In terms of overall performance, across all measures and overall, Vodafone came last, with a score of 3.2 out of 10 (one being very poor and 10 being excellent), with financial counsellors’ comments pointing to an inflexible refusal to negotiate hardship assistance.
Optus received the highest rating across almost all measures, achieving the top overall score of 4.0 out of 10. Telstra rated second, slightly behind Optus.
But closer examination of Telstra’s scores show greater variability in the views of respondents, which suggests inconsistency in Telstra’s hardship practices.
Also, while there are differences, they are slight, according to the report, alluding to the finding that the standard of hardship practice is “strikingly poor” across the telecommunications industry.
In 2016, for example, the lowest-performing tier-one energy retailers received overall performance ratings of 5.8 out of 10, well above the 4.0 achieved by the top-performing telecommunications provider.
The study found that, compared with water, banking, energy and even debt collection, telecommunications providers are falling short in their treatment of customers in financial difficulty.
FCRC executive officer, Peter Gartlan, said within telecommunications, it is clear that there are some big issues to be tackled.
“Industry has work to do changing upselling practices that see many consumers with plans far beyond their needs or payment capacity; simplifying contracts; improving access to and communication with hardship teams; and expanding the hardship assistance offered to customers.
“Regulators and policymakers also have a role to play in shaping a framework that encourages such practices. The results of this report evidence the need for improvement and warrant serious consideration by the telecommunications industry, regulators, government and other stakeholders,” he said.
Findings from the study also highlighted that post-paid 24-month contracts for mobile phone handsets and services were identified as the biggest contributor to clients’ telecommunications debts. Almost all financial counsellors identified post-paid phone contracts as either a ‘major’ (67 per cent) or ‘moderate’ (32 per cent) contributor to debt.
With the Telecommunications Consumer Protections Code (TCP Code) Code requiring providers to explain the financial implications of a post-paid service before providing it to a consumer, the financial counsellors assessed performance as ‘poor’ or ‘very poor’.
Optus and Telstra performed fairly similarly, with 88 per cent and 90 per cent of respondents rating them as ‘poor’ or ‘very poor’ respectively (weighted averages of 1.9 and 1.8). Vodafone was considered worse again, with 98 per cent rating them as ‘poor’ or ‘very poor’ (weighted average of 1.6).

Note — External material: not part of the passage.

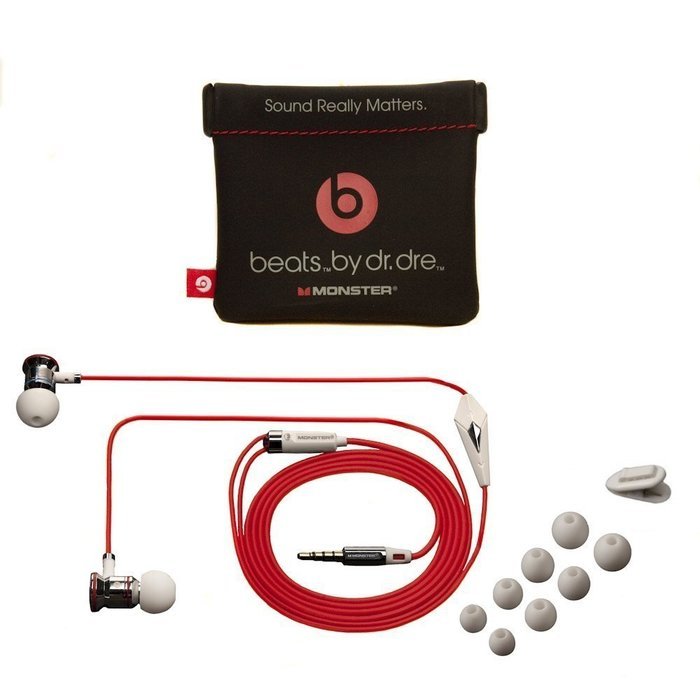 Beats By Dr. Dre Monster iBeats In-Ear Earphones, White N4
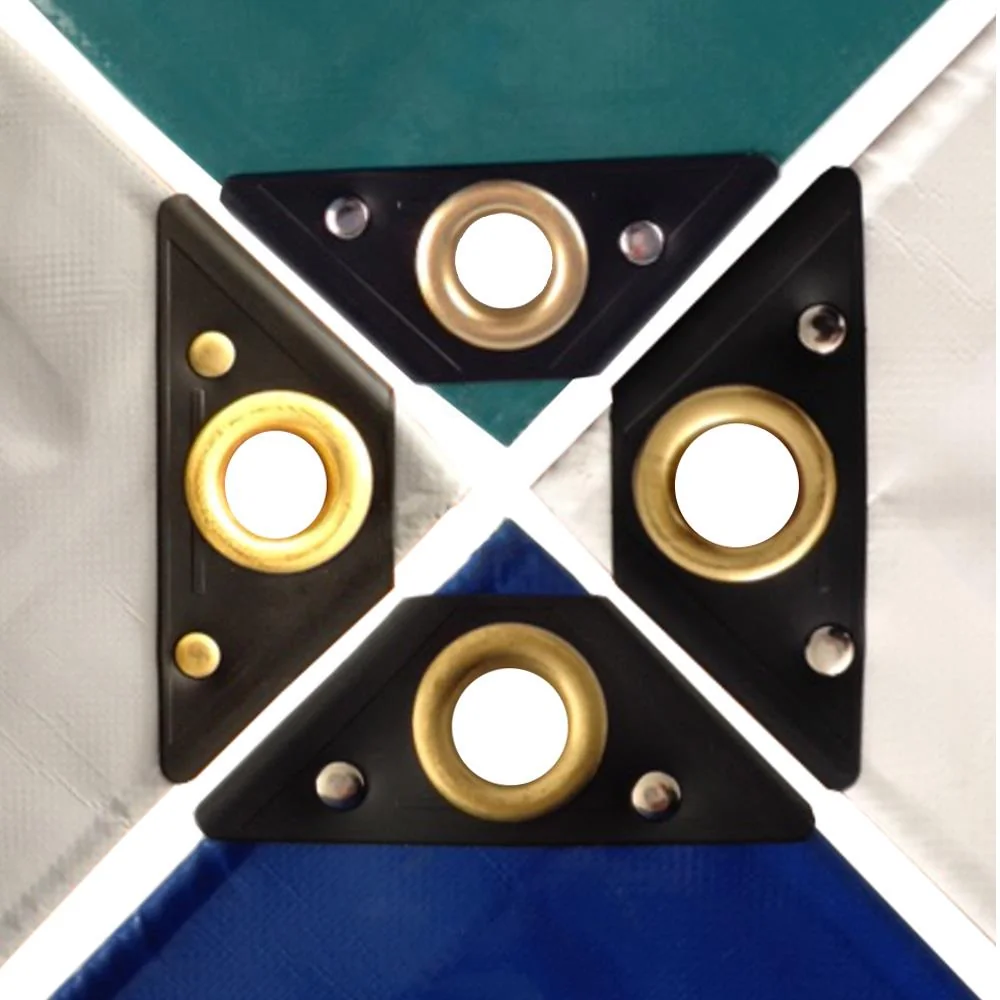 Abdeckplane, PVC Plane 650 g/m², Gewebeplane, wasserdicht, grün, grau, blau, weiß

Their understanding of contractual and billing operations also rated poorly, with 81 per cent of respondents marking it poor for Optus, 84 per cent for Telstra, and 88 per cent for Vodafone.
According to Gartlan, the findings enable providers with the opportunity to "take the lead" and work to significantly improve hardship performance, both individually and across the industry.
“Basic phone and internet services are essential for financial inclusion, particularly in times of crisis or hardship. When people in hardship are disconnected from phone services, it becomes virtually impossible to meet their other critical needs.
“The results of this survey are disappointing, showing that overall financial hardship performance in the telecommunications sector is poorer than in banking or energy retail. Our hope is that this report creates an opening for dialogue about where improvements can be made, building on the positive suggestions made by financial counsellors,” he added.
The study supports the findings of the Telecommunications Industry Ombudsman’s (TIO) assessment of complaints per services in operation (SIO) in October last year, which found increasing complaints for Vodafone, amaysim, and Pivotel.